Here is the curve for the IRL540:
Now at 5V you are out of the linear region and the MOSFET can already deliver its specified 28 Amps continuous current.
You may also consider the IRLZ44.
The IRLZ44 data-sheet says that with a 3V TTL-level drive the FET drops less than 0.15V at 4A (at 25C, Rds(on) is about 0.04 ohms), and under 0.25V at 175C (Rds(on) < 0.063 ohms).
So we know the FET’s I^2-R ohmic dissipation will be under 1 watt, and that’s good. If we use Vgs = 4V, specified for AVR chip outputs, the dissipation should be about 0.4W at 25C (0.8W for Tj = 175C).
Wether a MOSFET is a standard MOSFET or a ‘logic’FET becomes clear from the Datasheet. If for instance you look at the Datasheet of the IRFZ44N at the Rds(on), This lists the ‘on-resistance’ under the condition that Vgs=10V (and Id=25A). If there is no rating for Rds(on) when Vgs=5V (or 4.5V), then it is not a logic-level MOSFET. A logic level MOSFET will have Rds(on) specified for Vgs=5V or 4.5V. If its only specified for Vgs=10V, its not logic-level.

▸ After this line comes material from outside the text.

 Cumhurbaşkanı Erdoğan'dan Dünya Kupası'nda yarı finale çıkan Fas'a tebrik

Another thing to beware of in datasheets is Vthresh (threshhold voltage). This is not the gate voltage to turn the device on, its the gate voltage at which it switches fully off (less than a few uA of current, typically). If Vthresh is given as 2..4V range, it cannot be a logic level MOSFET (Vthresh is usually 0.5 to 1V for logic-level MOSFETs).

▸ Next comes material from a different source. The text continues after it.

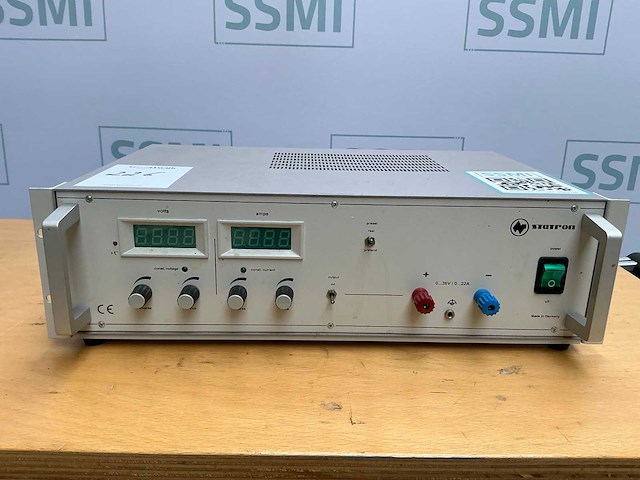 Statron 3254.1 industriële voeding - afbeelding 2 van  9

When designing with MOSFETs be aware that instead of having a Vsat like a bipolar transistor, a fully-saturated MOSFET acts as a low-value linear resistor. If for instance you want to switch 5A in a 12V circuit and you only want to waste 0.5V across the MOSFET, then its on-resistance (Vds(on)) should be <= 0.1 ohms (0.5V / 5A)

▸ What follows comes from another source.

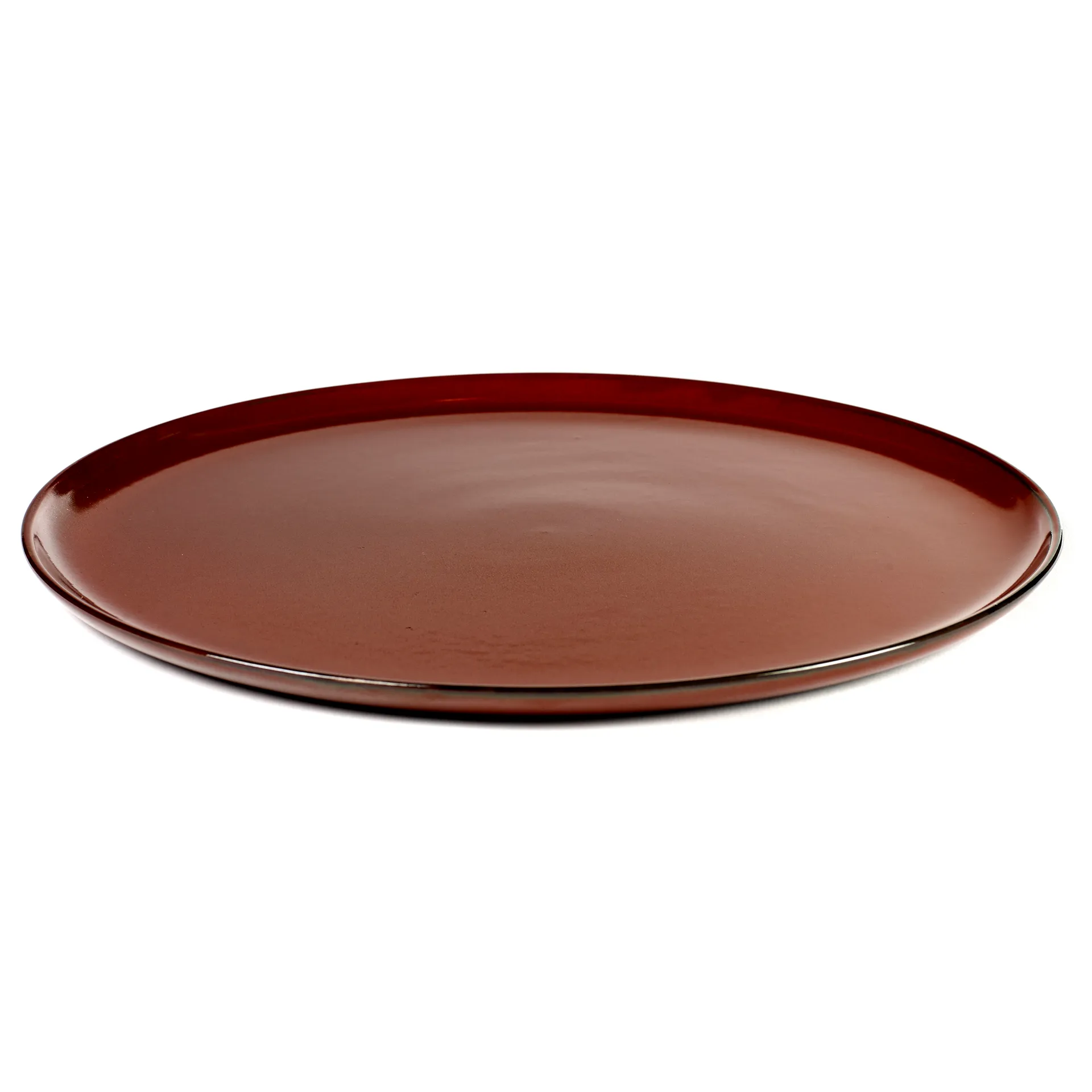 Terres de Rêves bord 26 cm, Rust Serax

The dissipation then is 5x5x0.1=2.5 Watt. But suppose the FET you choose has 0.05ohm Vds(on) and carries 10A then it will dissipate I^2R watts, ie 10x10x0.05 = 5W. This will need a good heatsink if the load is on for more than a second or two, but it is no issue if it gets millisecond pulses every few seconds. ‘ON-resistance’ of 0.2 to 0.001 ohms are available (though less than 0.005ohms gets expensive).
The relatively cheap BUZ11 is also an option. Although it is no Logic level MOSFET, it will go into saturation with a 5 Volt gate voltage at around 7 amps and a VDS of about 0.5 to 1 Volt. But it’s RDS(on) will be far from ideal and you will lose 3.5-7 Watts in the FET:
Realise though that it is an inverting circuit. A HIGH on the Output of the Arduino will switch the Load Off. Also the 520 and 510 will be more efficient with this circuit.
If you are using this circuit to switch any serious loads, then it is wise to solder some thick wire over the tracks coming from the MOSFET. You will find the print design here. This is for direct transfer so it is already mirrorred the right way.
3.3 Volt levels
For a long time ‘TTL” meant 5 volt. Nowadays more and more 3.3 Volt boards are available as well in the Arduino series as in the popular ESP8266 and the raspberry Pi. On these boards the STN4NF03L can be a good choice. Not an ideal choice, but a good one. Check section 2.1 figure 4 in the datasheet.